PROBLEM STATEMENT. Reproduce word for word the lines of the listing from the first one through the one with "163 Lake Gloria", omitting every picture.

PROVIDED RECORDS.
::::::::
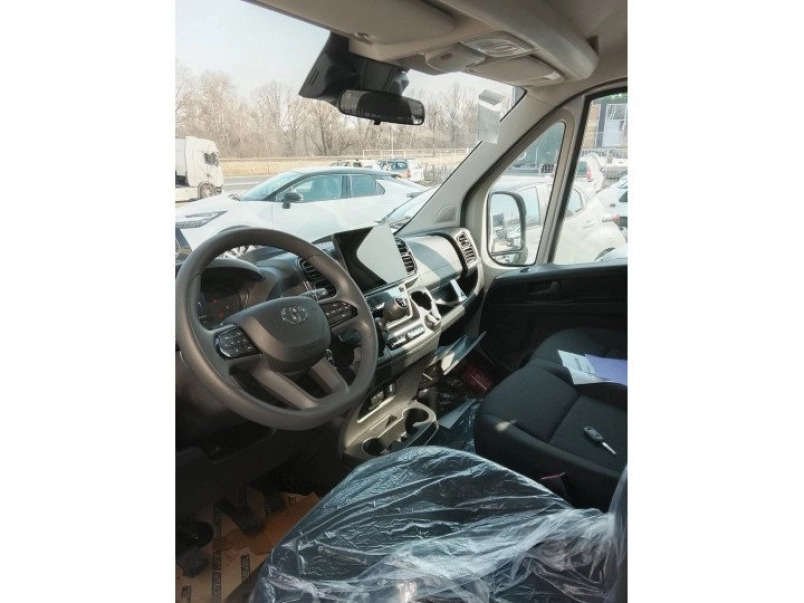 toyota-proace-max-2-2-d-4d-l3-3-5-t-active-multimedia-gyari-platoval-161907_1227127_7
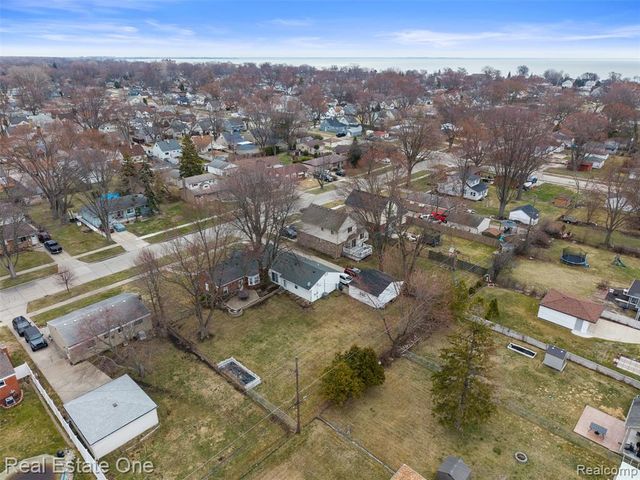 23340 Joy Street, Saint Clair Shores, MI 48082
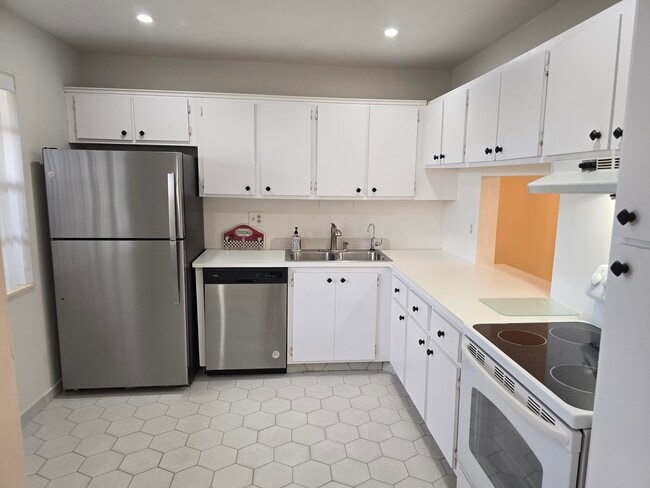 163 Lake Gloria Dr in West Palm Beach, FL - Building Photo - Building Photo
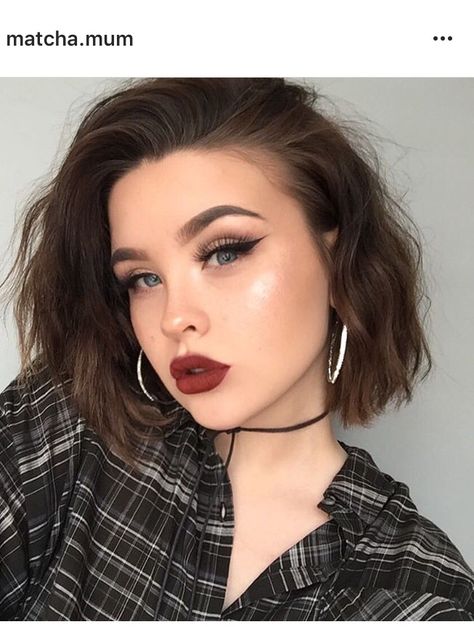 https://fanyv88.com:443/https/instagram.com/gov.madison https://fanyv88.com:443/https/twitch.tv/xGigglypuff Make Your Own Makeup, Dark Lipstick, Stylish Haircuts, Instagram Makeup, Make Up Looks, Grunge Makeup, Makeup For Beginners, Lip Colour, New Haircuts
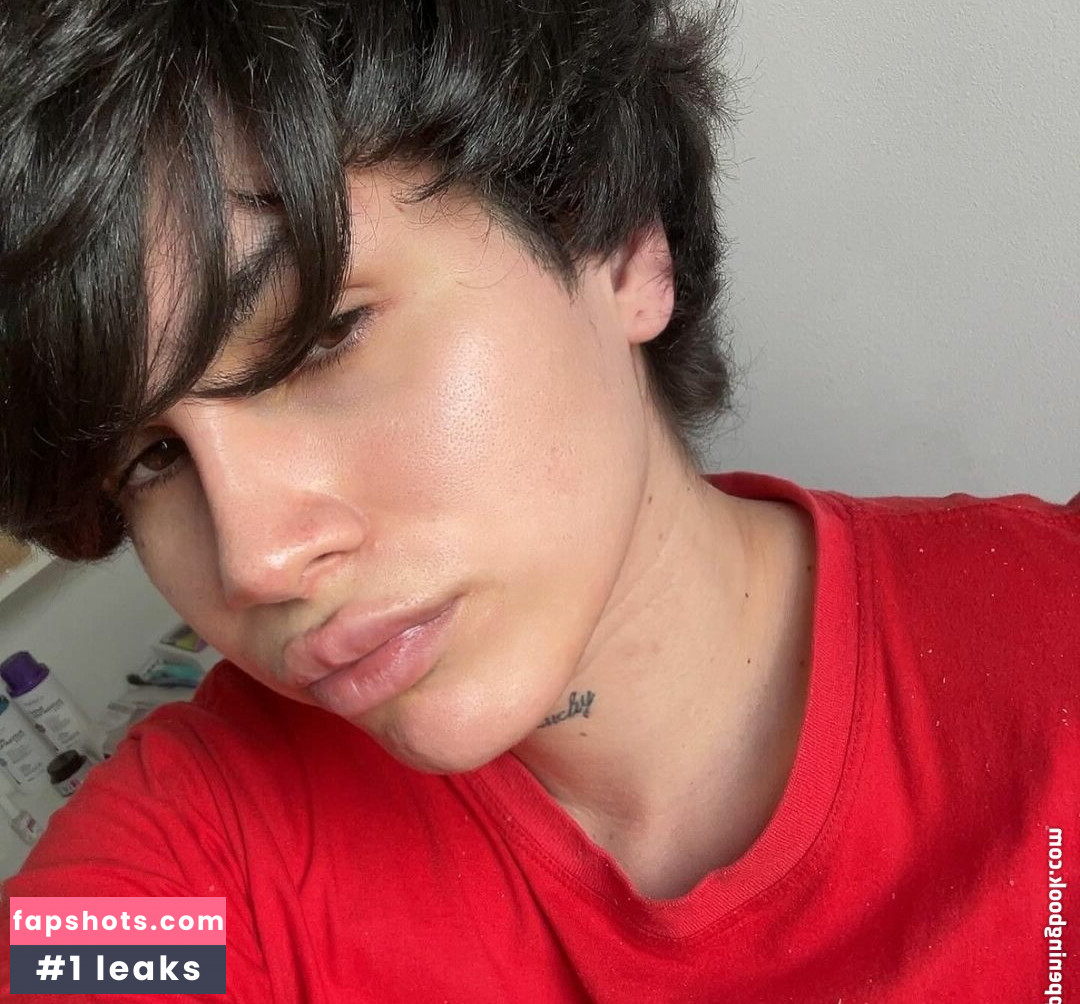 Julia Diotti gallery photo #16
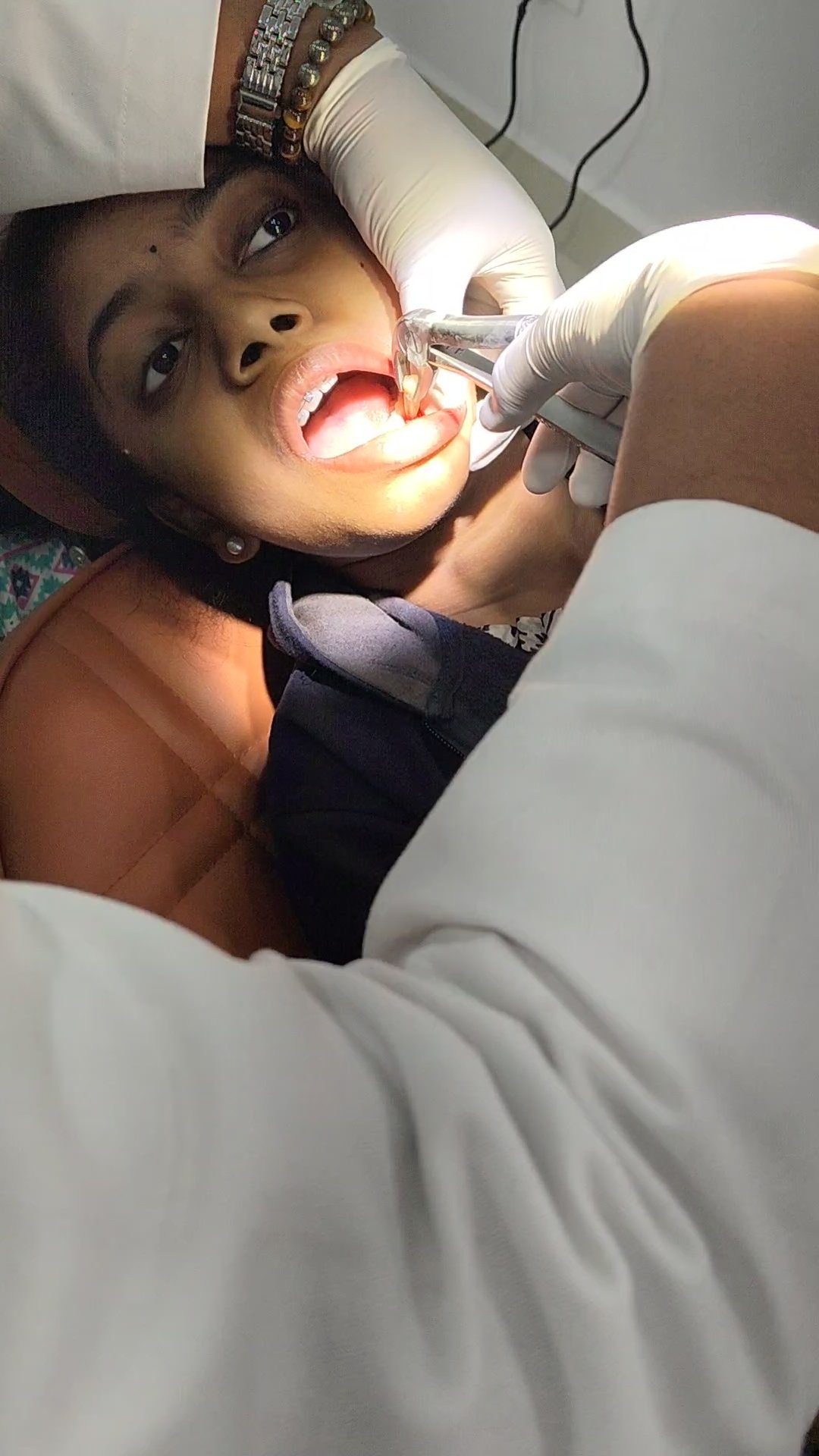 Home 33 video_20251220_195302_frame_0_03_5f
::::::::
ANSWER AREA.
 toyota-proace-max-2-2-d-4d-l3-3-5-t-active-multimedia-gyari-platoval-161907_1227127_7
 23340 Joy Street, Saint Clair Shores, MI 48082
 163 Lake Gloria Dr in West Palm Beach, FL - Building Photo - Building Photo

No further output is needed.